Policy makers in Russia had reacted to the terms of trade shock in 2014-15 by shifting to a fully floating exchange rate regime, a material fiscal tightening and an emergency rate hike. Therefore, macro adjustment in Russia currently is quite advanced as compared with certain other commodity exporters and the economy has neared the stage of stabilization.
The effect of Brexit also appears to have remained quite limited when comparing Russia to its peers in CEEMEA. A moderate adverse effect through the trade channel is likely, while the financial channel is subdued because of external deleveraging that took place since imposing of sanctions, noted Morgan Stanley in a research report.

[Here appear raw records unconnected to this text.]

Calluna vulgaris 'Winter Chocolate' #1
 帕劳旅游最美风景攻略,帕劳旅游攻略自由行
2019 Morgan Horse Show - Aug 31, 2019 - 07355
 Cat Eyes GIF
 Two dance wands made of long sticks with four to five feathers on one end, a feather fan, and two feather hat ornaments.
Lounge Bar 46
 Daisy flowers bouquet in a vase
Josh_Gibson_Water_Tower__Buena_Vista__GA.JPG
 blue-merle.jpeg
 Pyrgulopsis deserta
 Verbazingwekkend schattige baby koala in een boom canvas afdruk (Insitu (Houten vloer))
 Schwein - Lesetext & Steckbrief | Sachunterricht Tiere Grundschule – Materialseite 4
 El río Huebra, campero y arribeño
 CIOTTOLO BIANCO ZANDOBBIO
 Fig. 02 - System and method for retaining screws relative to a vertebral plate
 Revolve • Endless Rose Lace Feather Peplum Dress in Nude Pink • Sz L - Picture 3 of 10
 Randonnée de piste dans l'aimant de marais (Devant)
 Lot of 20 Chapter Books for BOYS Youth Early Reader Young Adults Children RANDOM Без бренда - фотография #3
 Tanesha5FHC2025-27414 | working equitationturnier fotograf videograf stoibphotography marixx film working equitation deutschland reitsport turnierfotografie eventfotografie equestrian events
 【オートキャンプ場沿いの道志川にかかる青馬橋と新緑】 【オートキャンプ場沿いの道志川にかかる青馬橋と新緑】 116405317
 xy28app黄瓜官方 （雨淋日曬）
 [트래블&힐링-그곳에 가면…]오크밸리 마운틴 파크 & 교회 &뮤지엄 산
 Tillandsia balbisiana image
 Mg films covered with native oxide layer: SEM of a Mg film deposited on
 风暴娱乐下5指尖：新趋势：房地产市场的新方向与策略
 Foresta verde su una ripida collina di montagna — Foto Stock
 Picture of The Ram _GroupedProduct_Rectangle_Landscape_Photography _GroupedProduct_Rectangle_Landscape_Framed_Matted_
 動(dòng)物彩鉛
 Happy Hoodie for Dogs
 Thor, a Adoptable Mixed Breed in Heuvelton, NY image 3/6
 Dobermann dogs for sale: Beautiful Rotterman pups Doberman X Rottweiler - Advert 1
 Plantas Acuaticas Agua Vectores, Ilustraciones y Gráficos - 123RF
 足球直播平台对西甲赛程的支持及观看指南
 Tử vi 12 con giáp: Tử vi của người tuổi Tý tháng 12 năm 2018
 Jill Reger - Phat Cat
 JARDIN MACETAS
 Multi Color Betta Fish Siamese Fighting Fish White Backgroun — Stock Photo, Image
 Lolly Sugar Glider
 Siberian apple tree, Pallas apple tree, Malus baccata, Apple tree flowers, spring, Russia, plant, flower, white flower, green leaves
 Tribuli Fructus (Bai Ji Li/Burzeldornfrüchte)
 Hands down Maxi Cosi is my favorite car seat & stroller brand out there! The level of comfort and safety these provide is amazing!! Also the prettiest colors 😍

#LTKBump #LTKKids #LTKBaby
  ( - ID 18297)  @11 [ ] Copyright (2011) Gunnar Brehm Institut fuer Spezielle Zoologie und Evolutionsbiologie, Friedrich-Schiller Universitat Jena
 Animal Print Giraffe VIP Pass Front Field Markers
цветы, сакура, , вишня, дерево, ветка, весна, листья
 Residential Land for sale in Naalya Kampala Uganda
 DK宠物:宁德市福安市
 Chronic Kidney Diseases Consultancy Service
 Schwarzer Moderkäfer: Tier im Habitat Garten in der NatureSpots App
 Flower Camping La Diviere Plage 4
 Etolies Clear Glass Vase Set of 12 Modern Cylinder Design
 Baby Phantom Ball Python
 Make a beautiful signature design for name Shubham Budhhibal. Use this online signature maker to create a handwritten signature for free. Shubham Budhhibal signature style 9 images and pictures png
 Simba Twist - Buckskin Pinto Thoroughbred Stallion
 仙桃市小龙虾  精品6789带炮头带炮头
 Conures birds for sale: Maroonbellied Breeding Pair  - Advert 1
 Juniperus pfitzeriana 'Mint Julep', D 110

“As external conditions improve, we revise our growth projections upward to -0.6 percent Y in 2016 and 1.4 percent Y in 2017 versus -2.1 percent Y and 0.9 percent Y before”, added Morgan Stanley.
Improved oil price outlook is the main reason for the upward revision. A USD 43 per barrel average Urals oil price in 2016 is expected and USD 50 per barrel in 2017.
The high frequency data still indicates towards the economy shrinking in the second quarter of 2016. The Russian economy is likely to flatten on sequential basis in the third quarter and turn positive in the fourth quarter, stated Morgan Stanley.
Meanwhile, subdued domestic demand, recovery of the Russian ruble and tight monetary policy eased inflation pressures in the Russian economy. In March, inflation decelerated to 7.3 percent, faster than anticipated. The Bank of Russia preferred to err on the side of caution and maintain the key rate on hold at 11 percent until June, said Morgan Stanley. An improved oil outlook and RUB appreciation has improved the inflation outlook.
“We expect inflation to average 7.2 percent Y in 2016, slowing down to 6.1 percent Y by the end of the year, and 5.5 percent Y in 2017, slowing down to 5.4 percent Y by the end of the year”, said Morgan Stanley.
In spite of the prudent monetary policy, additional deceleration of inflation would become difficult in 2017.